WHERE employee.type = "Employee"
GROUP BY employee;
The problem is I need to get the corresponding areaId with the matching clock.
I have written the following query that does. I create two separate sub queries that sort all of the clock items for the day first ascending and then descending and select the first item.
CREATE INDEX adv_employeeId_type_date_blockId ON `bucket`(`employeeId`,`type`,`date`,`blockId`)
CREATE INDEX adv_employeeId_type_date ON `bucket`(`employeeId`,`type`,`date`)
CREATE INDEX adv_type_employeeId_date ON `bucket`(`type`,`employeeId`,`date`)
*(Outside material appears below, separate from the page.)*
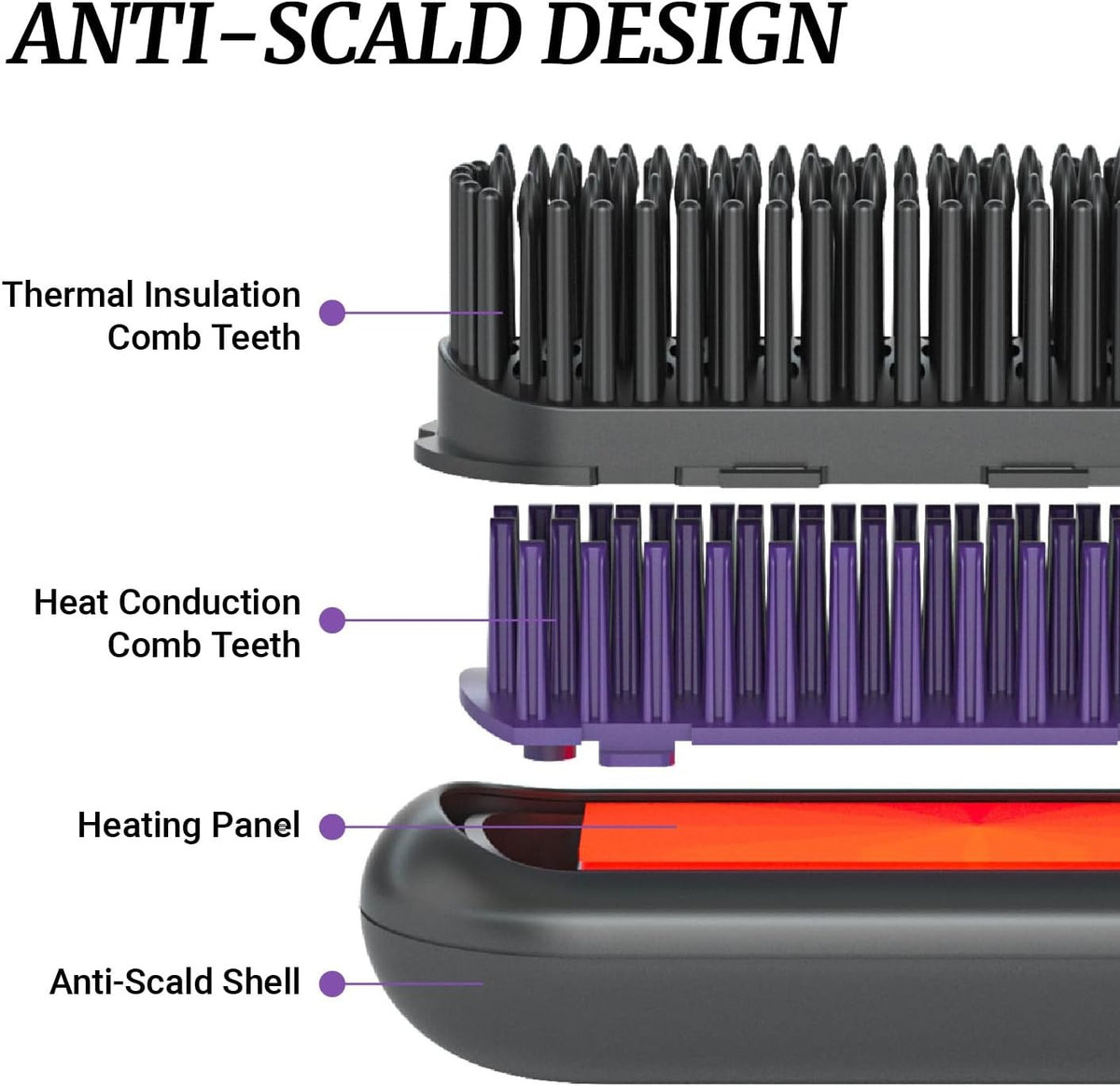 2-in-1 Hair Straightening Brush with Digital Temperature Display – Black & Purple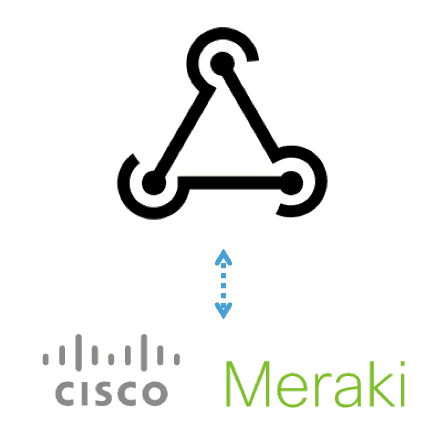 Cisco Meraki webhooks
SELECT META(employee).id AS employeeId,
employee.employeeGroupId,
clockIn,
clockOut
FROM `bucket` employee
LEFT JOIN (
SELECT obj.employeeId,
obj.date,
obj.areaId
FROM `bucket` obj
WHERE obj.employeeId = META(employee).id
AND obj.type = "Clock"
AND obj.date BETWEEN "2020-06-01T00:00:00.000Z" AND "2020-06-02T00:00:00.000Z"
ORDER BY obj.date
LIMIT 1) clockIn ON clockIn.employeeId = META(employee).id
LEFT JOIN (
SELECT obj.employeeId,
obj.date,
obj.areaId
FROM `bucket` obj
WHERE obj.employeeId = META(employee).id
AND obj.type = "Clock"
AND obj.date BETWEEN "2020-06-01T00:00:00.000Z" AND "2020-06-02T00:00:00.000Z"
ORDER BY obj.date DESC
LIMIT 1) clockOut ON clockOut.employeeId = META(employee).id
WHERE employee.type = "Employee"
GROUP BY employee,
clockIn,
clockOut;
The problem is that the above query is inefficient with execution time >10 seconds.
In other words I need to get additional object values from the aggregate MIN() and MAX() functions.
I am sure the second query is not the most efficient method to achieve this, does anyone have any other suggestions?